California Dreamin’
Curated by Ginger Shulick

June 5 – July 3, 2014

On June 5, Cindy Rucker Gallery will open a new group show curated by Ginger Shulick, Founder of Big Deal Arts. This four-person painting show will highlight artists who either currently or have lived in California.

Featuring the work of Jose Arenas, Patrick Dintino, Amir H. Fallah, and Don Porcella, this exhibition will explore the impact of color, design, symbols and contemporary figuration on these artists, whom often incorporate religious or culture-specific iconography into their surrealist works that draw on a rich history of painting and collage from California.

The work of Arenas explores the immigrant experience through collage-style vignettes. Metaphorical images like birds, navigational symbols, maps, compasses, ships, and other elements have been used to allude to place, direction, and the feeling of living in a state of in-between.

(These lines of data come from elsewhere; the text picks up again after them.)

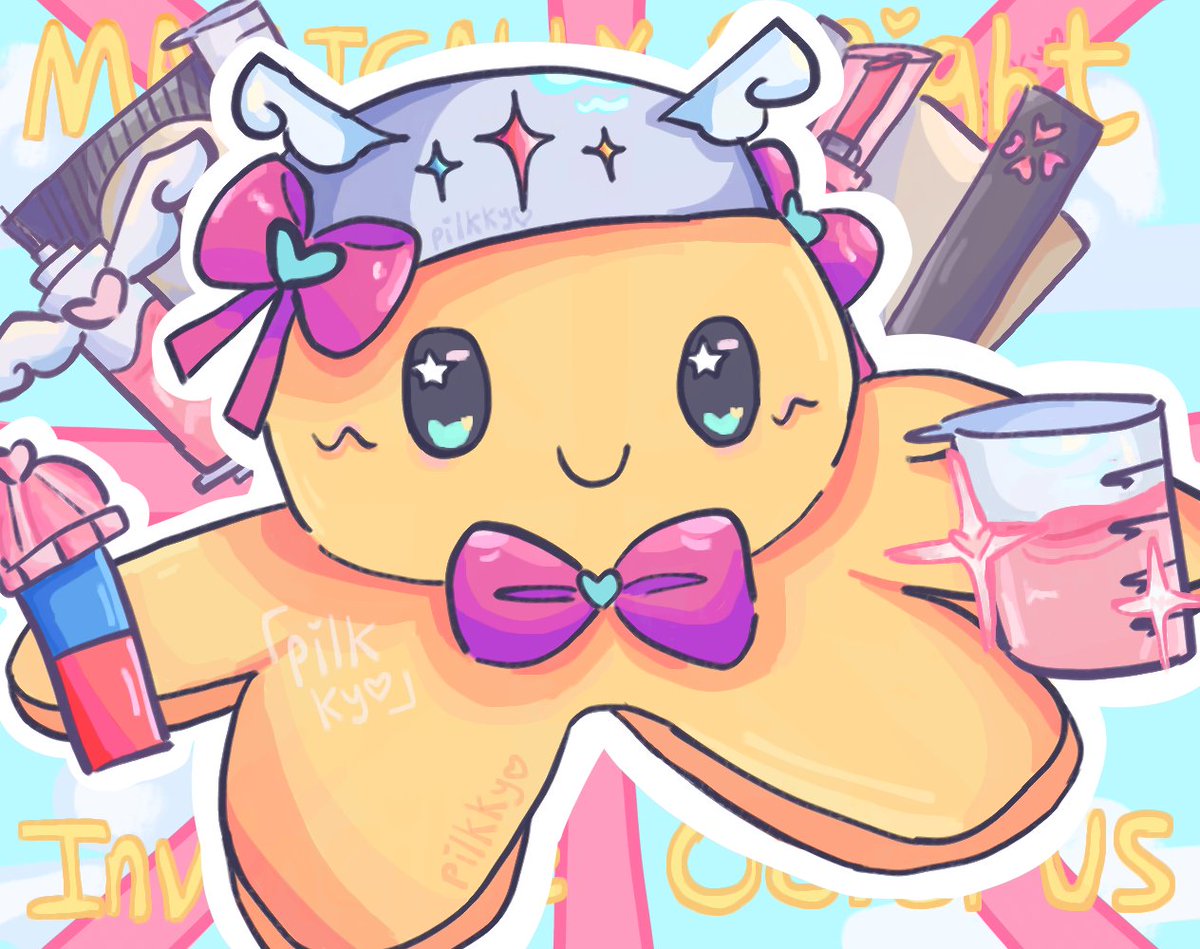 pilkkyo's tweet image. 'kill them with kindness' WRONG. MAGICAL GIRL WALLACE 🎉💥🚦
(this was definitely not drawn to delay drawing magic cure loveshot dussekar fanart :3)
#VOCALOID #drawings #art #doodle #mikuhatsune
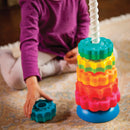 SpinAgain Stabeltårn - Fat Brain legetøj - Fra 12 mdr. - Billede 1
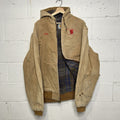 Vintage Carhartt Flannel-Lined Hooded Active Jacket “Brown” J05 BRN Men’s XL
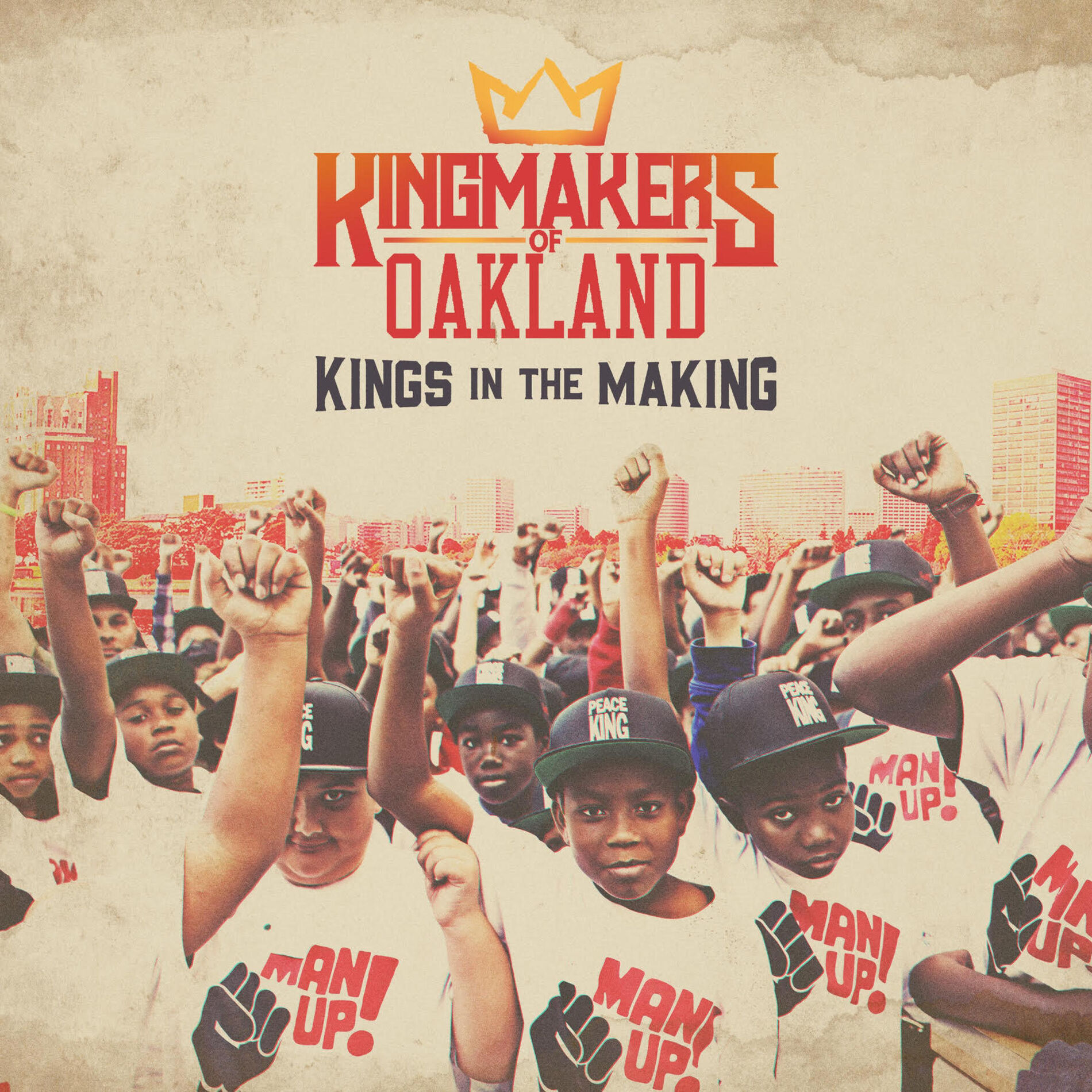 Album cover of Kings in the Making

Dintino’s junk mail and wrapping paper collages are color translations of the everyday consumer experience. By combining a plethora of sales imagery into an illusionistic pattern, the original message is de-powered, and instead an abstract code with its own strange and chaotic beauty emerges.

Fallah’s work is heavily based in field research. He enters people’s homes and assembles “evidence” of their stories and identities, gravitating toward mundane objects that seem loaded with sentimental meaning: a worn afghan, an idiosyncratic plant, a figurine, a doll, running shoes. He depicts his subjects in dramatically Neoclassical poses, layering his canvases with paper and working back and forth between collage and painting, creating work that reflects his own cultural alliances: references to Persian miniatures may appear in the form of careful borders along the edge of a canvas, and blankets may start to resemble the long veils associated with Eastern cultures.

Porcella, inspired by African masks and outsider art, creates portraits of imagined people, floating faces and characters on a minimalist background. His art celebrates craft and the hand-made as he creates his own wax and pours the material onto the surfaces of his works in an intuitive, spontaneous process of art-making, elevating his lowbrow materials to a high art context. The works’ humorous titles point the viewer to a mysterious world of strange inhabitants and possibilities.